Pulmonary Blood Flow

Question 1

Overview of blood flow to the lungs

Answer 1

Same volume pumped, but decreased pressure due to lower resistance.

Question 2

Alveolar capillaries

Answer 2

Receive blood from RV.
Blood has low O2/high CO2.
Involved in exchange of O2 and CO2 between blood and air.
Appears like a sheet of capillaries.

Question 3

Extra-alveolar capillaries

Answer 3

Receive blood from LV.
High O2/low CO2.
Deliver O2 and CO2 to the tissue of the lungs.
Returns to the heart via PVs.
Contains venous admixture.

Question 4

Venous admixture

Answer 4

Result of mixing of shunted non-reoxygenated blood with reoxygenated. Reduces PaO2 of arterial blood and increases PaCO2 to a small degree.

Question 5

Pulmonary vascular resistance equation

Answer 5

PBP = CO x PVR

Question 6

Pulmonary vascular resistance is determined by (4):

Answer 6

High number of capillaries.
Number of available capillaries at a given point in time.
Sympathetic ton/vasoconstricting forces.
Lung volume.

Question 7

During exercise PVR:

Answer 7

Drops as more pulmonary capillaries open up to accomodate the increased CO.

Question 8

At low or very high lung volumes, resistance:

Answer 8

Increases a little because stretch of this tissue compresses the capillaries.

Question 9

Compare and contrast PVR w/ SR
Normal value
BP
Blood volume

Answer 9

PVR:
Low normal value
Low BP
5 L/min blood volume 
SR:
Moderate normal value
Higher BP
5 L/min

Question 10

Zones of the lungs

Answer 10

Zone 1 - apex
Zone 2 - mid lung
Zone 3 - base

Question 11

Zone 1

Answer 11

BP is reduced because it is slightly above the heart.
Alveoli are somewhat expanded.
Blood flow is less.

Question 12

Zone 2

Answer 12

BP is a little higher due to being at level of heart.
Alveoli are average size.
Blood flow is normal.

Question 13

Zone 3

Answer 13

BP is high due to being below the heart.
Alveoli are smaller.
Blood flow is greater than in other regions of the lung.

Question 14

NO modulation of pulmonary blood flow

Answer 14

Made by epithelium.
Causes smooth muscle relaxation and vasodilation.
Significant role in normal pulmonary blood flow.

Question 15

Endothelin 1 modulation of pulmonary blood flow

Answer 15

Made in lungs.
Vasoconstrictor.
A player in pathologic conditions - not under normal physiology.

Question 16

Thromboxane A2

Answer 16

Essentially the same as Endothelin 1.

Question 17

Starling forces control what?

Answer 17

How much fluid moves from capillary to the lung.

Question 18

Hydrostatic pressure in the lungs

Answer 18

Fluid pushing against tissue/capillary walls.

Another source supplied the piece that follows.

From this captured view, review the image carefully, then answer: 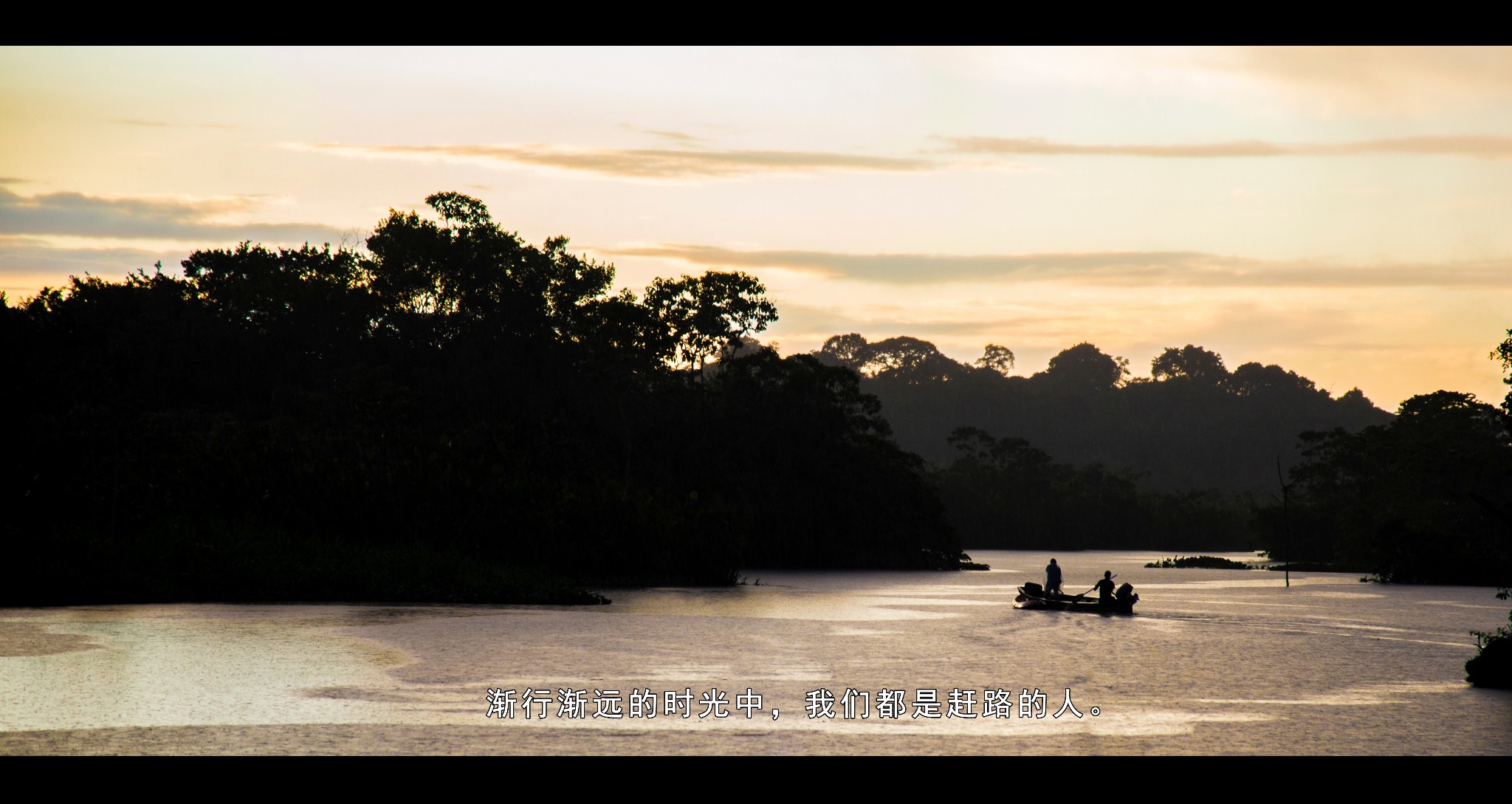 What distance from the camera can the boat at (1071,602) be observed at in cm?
3509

Exists in the capillary (Pc) and tissue (Pt).

Question 19

Pc

Answer 19

BP in the capillary that wants to push fluid into the alveoli.

Question 20

Pt

Answer 20

In the rest of the body, this pushes fluid into the capillary.

Question 21

Oncotic pressure in the lungs

Answer 21

Osmotic pressure of fluids involved.

Exists in plasma (PIc) and tissues (PIt).

Question 22

Plasma oncotic pressure

Answer 22

Tries to pull water into the capillary.

Question 23

Tissue oncotic pressure

Answer 23

Tries to pull water into the alveolus.

Question 24

Forces wanting to move water from capillary to alveolus (3)

Answer 24

Pc - hydrostatic pressure in capillary
PIt - oncotic pressure in tissues
Pt - hydrostatic pressure in tissues

Question 25

Forces wanting to move water from alveolus to capillary (1)

Answer 25

PIc - oncotic pressure in capillary

Question 26

Largest Starling Force in the lung

Answer 26

Pc

Question 27

Net result of Starling forces

Answer 27

Favors filtration of fluid into the alveoli.

This is bad for gas exchange.

Question 28

How does the body correct for net filtration into the alveoli?

Answer 28

The lymphatic system.

Question 29

Regional blood flow in the lung is determined by:

Answer 29

Gravity and amount of air in the region of the lung.

Question 30

Renin origin an function

Answer 30

Kidney.
Converts angiotensin (from liver) to angiotensin 1.

Question 31

ACE origin and function

Answer 31

Lungs.
Converts angiotensin 1 to angiotensin 2.
Activates bradykinin (another vasodilator).

Question 32

Why do people on ACE inhibitors commonly develop a cough?

Answer 32

Inhibits bradykinin which can build up in lungs and cause a cough.

Question 33

O2 modulation of pulmonary blood flow

Answer 33

A decrease in oxygen causes hypoxic vasoconstriction which increases PVR.